In: Accounting
Assuming current assets exceed current liabilities, determine the impact of reducing accounts payable using cash.
A. Increase the current ratio.
B. Decrease working capital.
C. Decrease the current ratio.
Here, Current Assets exceeds Current Liabilities it means that Current Asset proportion is more than Current Liabilities. Reduction in Account Payable by Cash, As with such transaction Denominator get reduced and Numerator also get reduced.
So, with the decrease in denominator the Current ration will automatically increase.
Hence Current Option is A: Increase the current Ratio.
Same can be easily understood by Below example:
Suppose Current Asset is 40000 $
Current Liability = 20000$ i.e Current Ratio = Current Assets / Current Liabilities.

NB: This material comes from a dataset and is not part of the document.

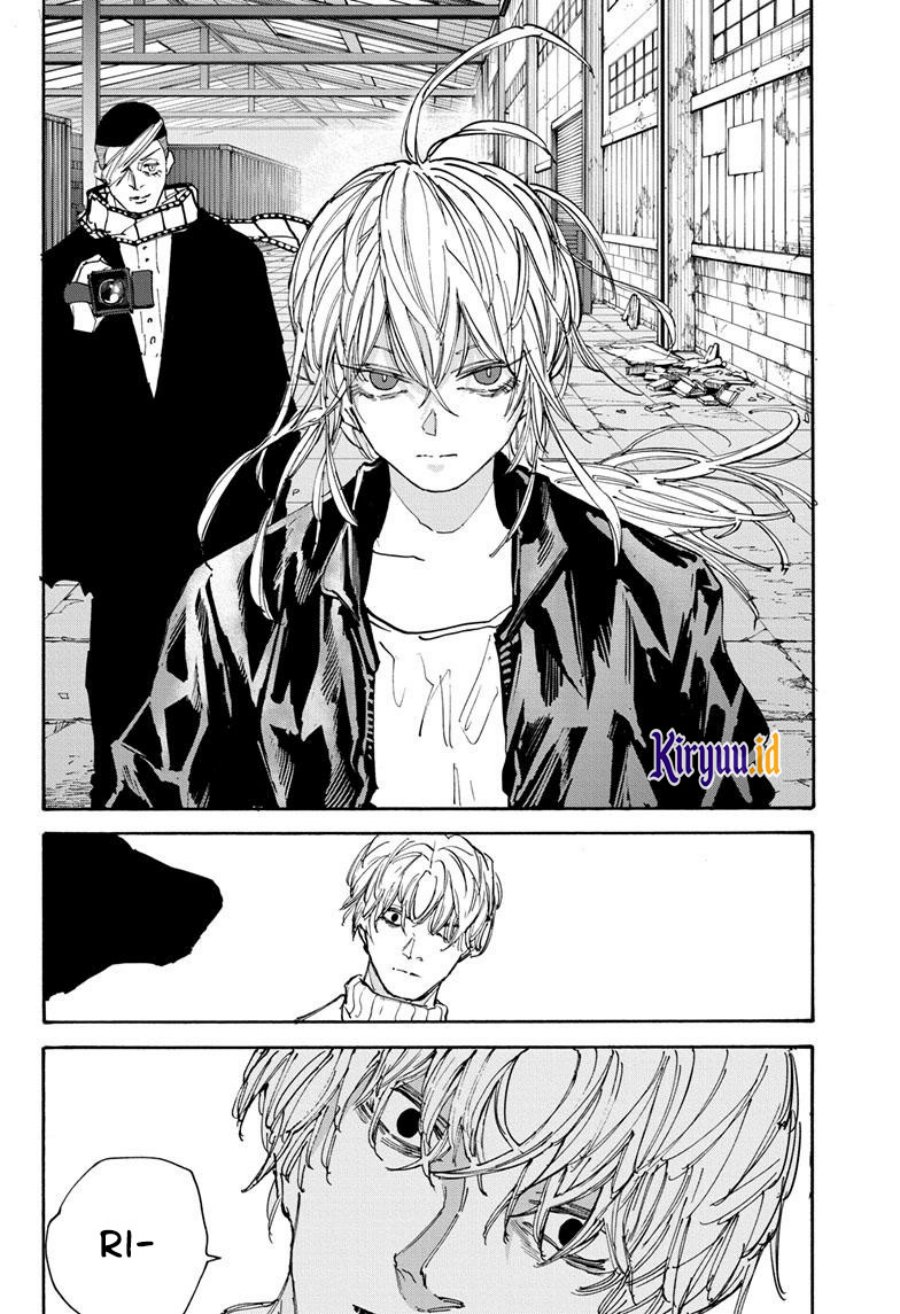 Read Sakamoto Days (ID) Manga Online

Hence, befor epayment transaction Current Ratio is : 40000 / 20000 = 2: 1
However, if Account Paybale in Current Liability is composed of 10000 $ and same is paid off by cash , hence it will reduce the denominator as well as numerator. Impact will be Current Asset changes to 30000 $ whereas Current Liabilities chnages to 10000 $ henc New Current ratio = 30000 / 10000 = 3: 1.
Hence it can be concluded that the Current Ratio will increase withthe decrease in Current Liabilities.